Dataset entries
= = = = = = =

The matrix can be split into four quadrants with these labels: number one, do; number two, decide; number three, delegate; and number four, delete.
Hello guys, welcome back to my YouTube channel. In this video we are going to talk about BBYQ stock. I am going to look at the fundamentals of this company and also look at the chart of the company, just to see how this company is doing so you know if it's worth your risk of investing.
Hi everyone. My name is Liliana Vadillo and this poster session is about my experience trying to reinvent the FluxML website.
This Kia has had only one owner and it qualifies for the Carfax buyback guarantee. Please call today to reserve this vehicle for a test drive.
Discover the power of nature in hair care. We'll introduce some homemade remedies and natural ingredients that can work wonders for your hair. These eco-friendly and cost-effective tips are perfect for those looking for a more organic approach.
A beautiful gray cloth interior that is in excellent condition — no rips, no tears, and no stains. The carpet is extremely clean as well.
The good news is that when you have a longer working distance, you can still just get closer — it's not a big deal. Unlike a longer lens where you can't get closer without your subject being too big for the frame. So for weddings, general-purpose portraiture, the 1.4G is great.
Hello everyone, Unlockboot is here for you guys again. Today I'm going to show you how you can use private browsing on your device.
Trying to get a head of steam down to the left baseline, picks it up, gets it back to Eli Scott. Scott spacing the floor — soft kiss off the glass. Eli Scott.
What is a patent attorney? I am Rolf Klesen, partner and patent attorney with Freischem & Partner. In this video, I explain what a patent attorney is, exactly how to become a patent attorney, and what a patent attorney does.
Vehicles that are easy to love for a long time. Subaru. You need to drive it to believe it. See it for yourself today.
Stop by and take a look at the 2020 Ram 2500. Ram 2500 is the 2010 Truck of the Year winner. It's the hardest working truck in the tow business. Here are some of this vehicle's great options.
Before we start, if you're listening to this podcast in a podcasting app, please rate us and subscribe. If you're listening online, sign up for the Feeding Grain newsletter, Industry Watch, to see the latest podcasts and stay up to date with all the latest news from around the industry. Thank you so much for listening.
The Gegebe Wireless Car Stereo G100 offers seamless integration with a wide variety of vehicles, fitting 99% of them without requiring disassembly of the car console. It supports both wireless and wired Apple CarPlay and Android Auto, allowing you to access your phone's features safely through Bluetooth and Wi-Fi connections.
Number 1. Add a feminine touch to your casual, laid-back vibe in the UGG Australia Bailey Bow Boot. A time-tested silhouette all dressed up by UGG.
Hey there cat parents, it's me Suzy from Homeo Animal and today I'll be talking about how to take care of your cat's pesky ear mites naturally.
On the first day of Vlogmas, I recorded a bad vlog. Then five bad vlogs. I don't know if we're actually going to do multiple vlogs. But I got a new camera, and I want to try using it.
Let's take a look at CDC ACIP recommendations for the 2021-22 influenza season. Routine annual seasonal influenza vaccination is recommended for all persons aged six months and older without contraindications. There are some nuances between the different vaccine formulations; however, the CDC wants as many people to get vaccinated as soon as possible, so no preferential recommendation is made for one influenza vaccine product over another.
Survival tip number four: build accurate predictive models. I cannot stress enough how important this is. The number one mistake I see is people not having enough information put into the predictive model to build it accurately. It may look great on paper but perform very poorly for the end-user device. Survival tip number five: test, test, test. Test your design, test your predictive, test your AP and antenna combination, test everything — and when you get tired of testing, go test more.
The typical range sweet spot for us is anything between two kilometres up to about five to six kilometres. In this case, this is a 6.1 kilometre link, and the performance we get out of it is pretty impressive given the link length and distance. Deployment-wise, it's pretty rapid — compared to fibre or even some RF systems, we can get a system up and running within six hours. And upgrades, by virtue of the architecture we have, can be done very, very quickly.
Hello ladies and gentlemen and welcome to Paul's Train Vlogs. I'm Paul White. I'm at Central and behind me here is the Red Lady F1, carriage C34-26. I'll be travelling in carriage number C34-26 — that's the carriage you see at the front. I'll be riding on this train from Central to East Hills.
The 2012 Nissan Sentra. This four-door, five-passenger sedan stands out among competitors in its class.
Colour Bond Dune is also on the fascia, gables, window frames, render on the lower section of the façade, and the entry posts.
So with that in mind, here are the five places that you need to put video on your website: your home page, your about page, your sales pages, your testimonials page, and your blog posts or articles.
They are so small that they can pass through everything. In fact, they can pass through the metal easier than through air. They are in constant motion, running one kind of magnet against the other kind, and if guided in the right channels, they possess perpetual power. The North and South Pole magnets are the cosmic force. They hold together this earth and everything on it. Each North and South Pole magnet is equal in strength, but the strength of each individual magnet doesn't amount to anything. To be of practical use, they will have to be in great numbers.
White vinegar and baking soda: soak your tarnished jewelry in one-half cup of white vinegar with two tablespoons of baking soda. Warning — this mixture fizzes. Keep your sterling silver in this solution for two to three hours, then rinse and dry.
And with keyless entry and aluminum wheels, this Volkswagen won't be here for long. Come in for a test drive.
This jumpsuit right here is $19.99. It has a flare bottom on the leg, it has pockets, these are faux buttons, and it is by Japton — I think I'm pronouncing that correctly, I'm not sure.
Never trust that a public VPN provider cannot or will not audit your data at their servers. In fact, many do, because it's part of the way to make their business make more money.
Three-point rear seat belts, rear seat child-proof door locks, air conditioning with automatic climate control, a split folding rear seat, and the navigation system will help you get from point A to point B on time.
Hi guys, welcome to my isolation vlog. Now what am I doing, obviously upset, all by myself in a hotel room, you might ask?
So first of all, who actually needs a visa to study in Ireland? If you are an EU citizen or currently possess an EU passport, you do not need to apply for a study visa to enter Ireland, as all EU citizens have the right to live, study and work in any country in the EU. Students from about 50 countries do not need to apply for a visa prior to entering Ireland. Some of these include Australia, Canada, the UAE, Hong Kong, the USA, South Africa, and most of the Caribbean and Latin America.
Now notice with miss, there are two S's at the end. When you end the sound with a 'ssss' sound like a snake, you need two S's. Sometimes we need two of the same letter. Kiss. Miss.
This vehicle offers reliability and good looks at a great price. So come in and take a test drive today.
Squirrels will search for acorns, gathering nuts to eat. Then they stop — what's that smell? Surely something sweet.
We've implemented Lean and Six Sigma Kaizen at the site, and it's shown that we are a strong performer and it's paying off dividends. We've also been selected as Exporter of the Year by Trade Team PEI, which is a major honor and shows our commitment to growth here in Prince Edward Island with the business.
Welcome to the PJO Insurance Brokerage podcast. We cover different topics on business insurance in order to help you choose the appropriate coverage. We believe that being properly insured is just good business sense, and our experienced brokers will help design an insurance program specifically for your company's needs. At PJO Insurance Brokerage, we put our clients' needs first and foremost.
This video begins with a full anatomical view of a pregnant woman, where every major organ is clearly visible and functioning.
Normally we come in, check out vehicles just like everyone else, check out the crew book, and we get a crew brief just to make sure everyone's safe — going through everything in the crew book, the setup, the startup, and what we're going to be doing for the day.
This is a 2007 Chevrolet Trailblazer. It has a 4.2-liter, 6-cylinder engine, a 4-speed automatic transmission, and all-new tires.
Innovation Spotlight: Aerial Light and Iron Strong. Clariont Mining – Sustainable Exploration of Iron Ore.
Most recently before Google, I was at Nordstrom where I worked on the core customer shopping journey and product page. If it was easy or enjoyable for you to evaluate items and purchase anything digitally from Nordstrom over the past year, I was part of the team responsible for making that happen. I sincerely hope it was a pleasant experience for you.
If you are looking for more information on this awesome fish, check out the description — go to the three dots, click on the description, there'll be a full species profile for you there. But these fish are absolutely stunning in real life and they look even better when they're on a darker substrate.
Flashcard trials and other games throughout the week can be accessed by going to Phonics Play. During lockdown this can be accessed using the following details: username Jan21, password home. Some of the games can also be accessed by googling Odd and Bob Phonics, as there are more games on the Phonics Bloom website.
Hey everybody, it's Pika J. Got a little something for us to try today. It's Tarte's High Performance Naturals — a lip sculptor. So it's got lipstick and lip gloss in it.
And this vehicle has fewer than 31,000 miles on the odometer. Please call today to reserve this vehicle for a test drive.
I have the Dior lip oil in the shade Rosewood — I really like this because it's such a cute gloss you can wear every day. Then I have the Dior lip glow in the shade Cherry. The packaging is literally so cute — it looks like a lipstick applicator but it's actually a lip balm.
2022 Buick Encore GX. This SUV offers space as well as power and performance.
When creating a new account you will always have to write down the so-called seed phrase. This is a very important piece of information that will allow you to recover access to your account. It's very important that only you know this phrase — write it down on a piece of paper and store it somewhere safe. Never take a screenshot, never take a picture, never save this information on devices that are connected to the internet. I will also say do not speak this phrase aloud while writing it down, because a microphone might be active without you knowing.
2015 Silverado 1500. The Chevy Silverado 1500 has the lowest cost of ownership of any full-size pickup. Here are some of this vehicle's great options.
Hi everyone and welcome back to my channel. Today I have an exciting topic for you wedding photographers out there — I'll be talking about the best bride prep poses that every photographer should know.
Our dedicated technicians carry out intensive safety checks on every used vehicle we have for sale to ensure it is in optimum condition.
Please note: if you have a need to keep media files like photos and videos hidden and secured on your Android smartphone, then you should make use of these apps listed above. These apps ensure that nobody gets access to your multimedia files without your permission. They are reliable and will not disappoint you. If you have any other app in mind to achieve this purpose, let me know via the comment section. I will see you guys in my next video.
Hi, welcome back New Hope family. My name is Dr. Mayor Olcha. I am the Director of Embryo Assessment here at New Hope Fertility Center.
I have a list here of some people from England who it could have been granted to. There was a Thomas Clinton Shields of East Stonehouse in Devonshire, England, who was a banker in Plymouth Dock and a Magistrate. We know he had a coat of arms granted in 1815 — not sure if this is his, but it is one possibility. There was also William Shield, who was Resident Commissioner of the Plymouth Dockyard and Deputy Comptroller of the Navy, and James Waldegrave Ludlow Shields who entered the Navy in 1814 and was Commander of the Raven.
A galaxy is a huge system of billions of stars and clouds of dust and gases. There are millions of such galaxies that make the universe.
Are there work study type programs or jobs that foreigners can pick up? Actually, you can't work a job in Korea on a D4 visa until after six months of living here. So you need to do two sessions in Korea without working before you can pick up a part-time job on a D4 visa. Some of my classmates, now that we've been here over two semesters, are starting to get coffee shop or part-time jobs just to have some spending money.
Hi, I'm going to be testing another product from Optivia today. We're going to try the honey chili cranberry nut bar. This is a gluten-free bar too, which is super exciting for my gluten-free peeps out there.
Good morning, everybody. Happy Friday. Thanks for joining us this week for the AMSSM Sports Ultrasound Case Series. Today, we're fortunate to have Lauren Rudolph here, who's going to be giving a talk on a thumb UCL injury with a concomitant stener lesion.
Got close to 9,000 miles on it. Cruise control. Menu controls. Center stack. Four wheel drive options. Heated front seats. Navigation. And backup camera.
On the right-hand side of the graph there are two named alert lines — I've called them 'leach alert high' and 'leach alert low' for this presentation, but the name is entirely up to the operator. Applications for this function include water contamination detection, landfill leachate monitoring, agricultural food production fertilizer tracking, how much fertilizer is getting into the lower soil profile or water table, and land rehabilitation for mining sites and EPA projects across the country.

= = = = = = =

Directions for this task: Using the data above, transcribe the lines that run from the line with "Stop by and" to the line with "Number 1. Add", both ends kept, and output nothing else.

Task output:
Stop by and take a look at the 2020 Ram 2500. Ram 2500 is the 2010 Truck of the Year winner. It's the hardest working truck in the tow business. Here are some of this vehicle's great options.
Before we start, if you're listening to this podcast in a podcasting app, please rate us and subscribe. If you're listening online, sign up for the Feeding Grain newsletter, Industry Watch, to see the latest podcasts and stay up to date with all the latest news from around the industry. Thank you so much for listening.
The Gegebe Wireless Car Stereo G100 offers seamless integration with a wide variety of vehicles, fitting 99% of them without requiring disassembly of the car console. It supports both wireless and wired Apple CarPlay and Android Auto, allowing you to access your phone's features safely through Bluetooth and Wi-Fi connections.
Number 1. Add a feminine touch to your casual, laid-back vibe in the UGG Australia Bailey Bow Boot. A time-tested silhouette all dressed up by UGG.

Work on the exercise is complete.